The pieces being performed revolve around myriad themes. While 2×2 looks at love in the city, Trans in Transit explores a transperson’s never-ending confusion about which queue to stand in at an airport, Love’s Neighbourhood, on the other hand, explores a conversation between two women who were once lovers. Although a sketch like 2×2 may resonate with everyone irrespective of their sexuality, Khalid points out that most pieces that make up Pinky Promise could not have been performed by a heterosexual couple. “For instance, Love’s Neighbourhood uses the sari as a metaphor. It is about two women in a relationship and how they feel, what is their reality or the sensuality of their relationship cannot be superimposed on a heterosexual couple,” she explains, pointing out the dangers in trying to appropriate queer stories. “It’s not always possible to ‘get’ how these characters feel.” Performed in a mix of Hindi and English, Pinky Promise will have two shows this evening, followed by an afterparty. The team hopes to have a similar celebration in Delhi soon.
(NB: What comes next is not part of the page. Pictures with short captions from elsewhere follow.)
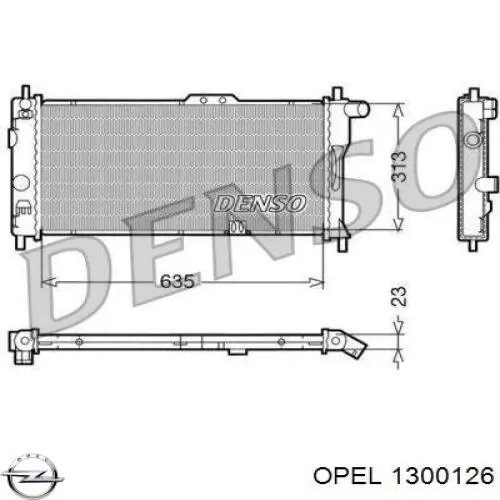 Радиатор охлаждения двигателя Opel 1300126 цена, от 55.99 USD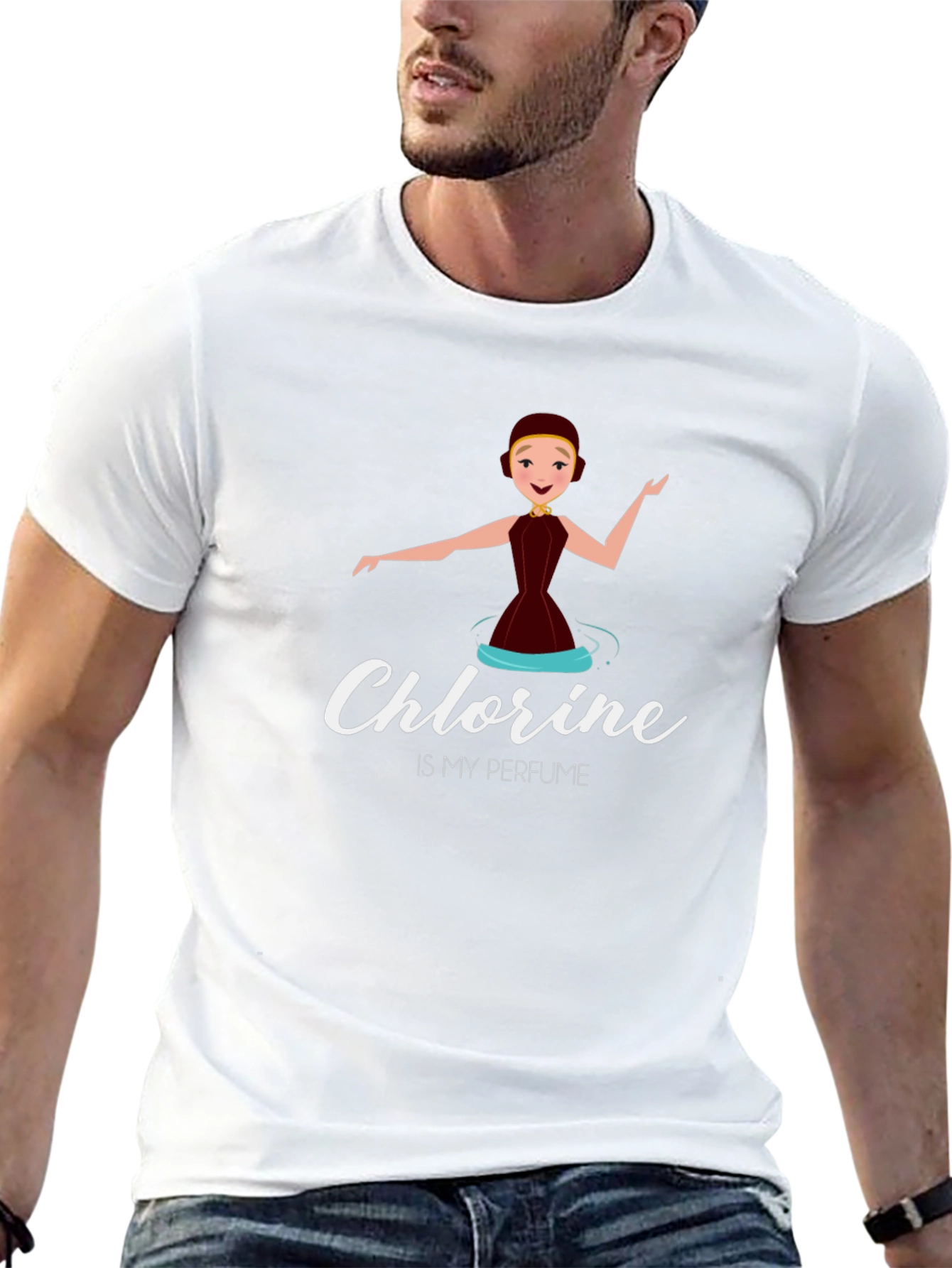 Chlorine is my Perfume T-Shirt - Synchronized Swimming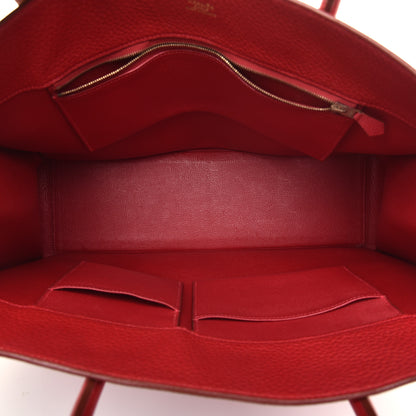 Hermes Togo White Bus 40 Rouge Casaque 5 of 9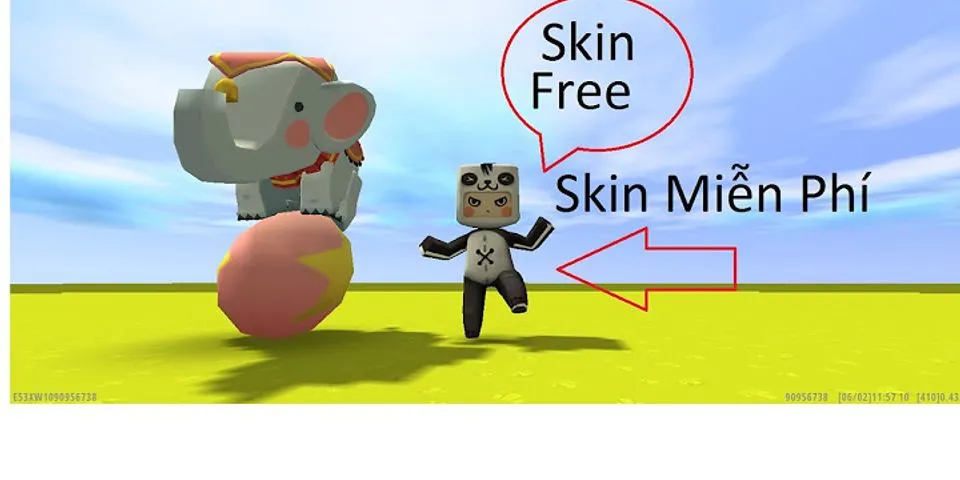cách nhận skin miễn phí trong mini world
Gaysi has so far focussed primarily on the written word, but has also organised their first Zine Fest in Mumbai this year. The stage became their medium of choice to mark the anniversary for several reasons. Gangwani admits that visuals make for a powerful medium, often cutting across classes, masses and language barriers. “Language plays such a huge role when talking about LGBTQ+ rights but all the terms that explore the nuances of sexuality, such as heteronormative, cisgender, non-binary, are in English. We are often trying to dumb it down but when people understand it through the visual medium, it stays with them,” says Delhi-based Gangwani, who works closely with her Mumbai counterpart Sakshi Juneja.
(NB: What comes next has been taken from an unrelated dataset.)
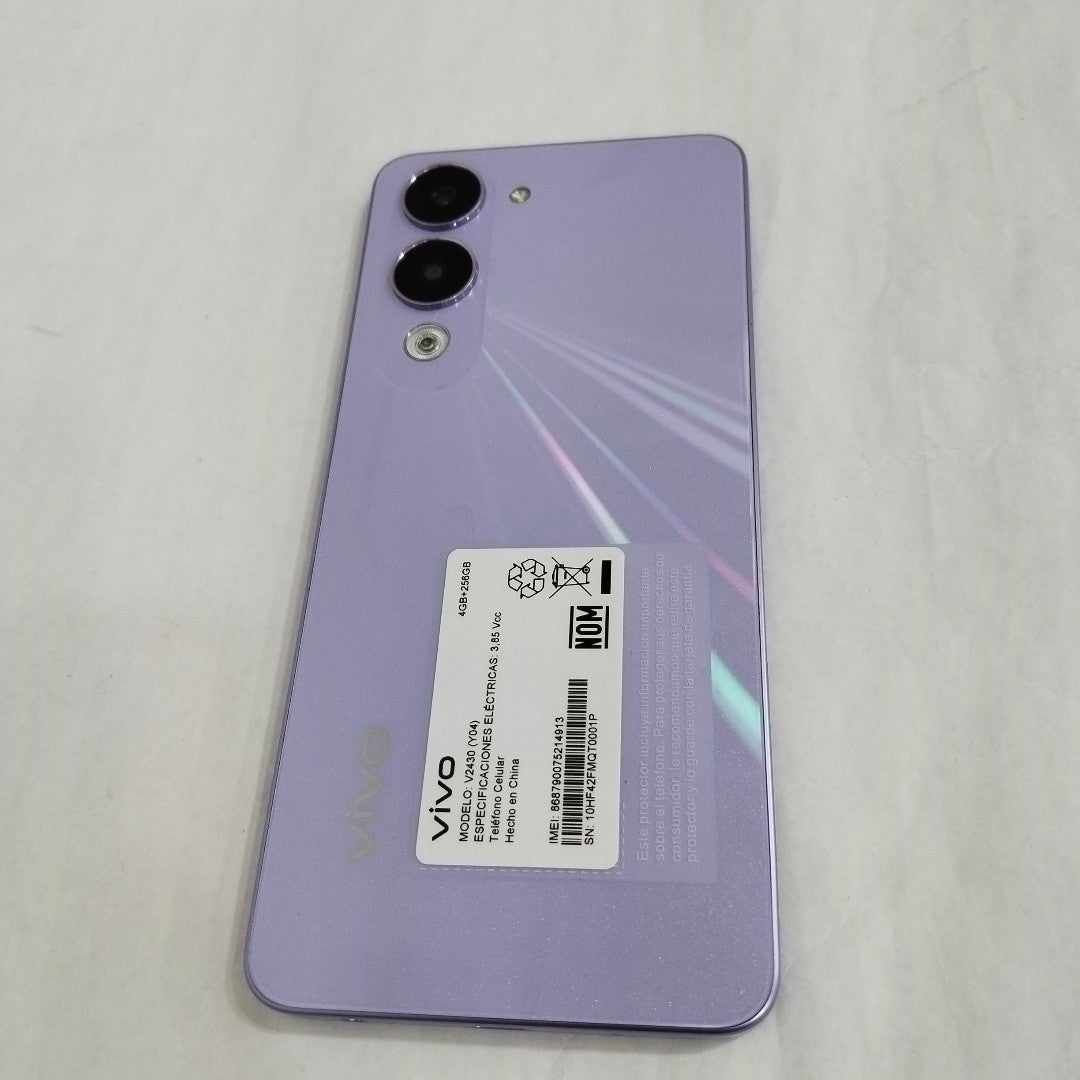 CELULAR VIVO Y04 V2430 (2025) 256 GB 4 GB RAM (SEMINUEVO)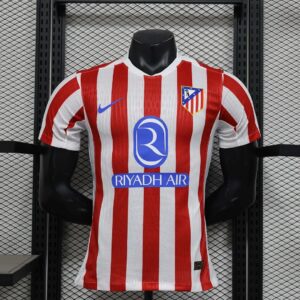 2025/2026 Player Version Atletico Madrid Home Soccer Jersey 1:1 Thai Quality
“But the idea was also that we present a bouquet of stories that we can keep adding to over time, and travel with it,” she says, adding that this also allows them to up the representation of queer characters in the visual medium.
Khalid, one half of the theatre group The Patchworks Ensemble, who has earlier collaborated with Gaysi on their play Drag Kings, opted for the experimental format for Pinky Promise, making it easier for the play to be performed in both conventional as well as alternative venues.
Standing at this juncture, set to cross the dual milestones of its 10th anniversary and the decriminalisation of homosexuality, Gaysi’s team is charting their journey ahead. Their first stage of evolution came when they graduated from providing a voice to the community to asserting their space through events such as their open mic property Dirty Talk. The next step, they feel, is to take it beyond the urban set-up they have established themselves in. “Reading down Section 377 gives us more freedom to speak up. Gaysi’s formula and platform can now be replicated to form smaller chapters of Gaysi in tier-II and -III cities. That’s what we will be aiming at next,” says Gangwani.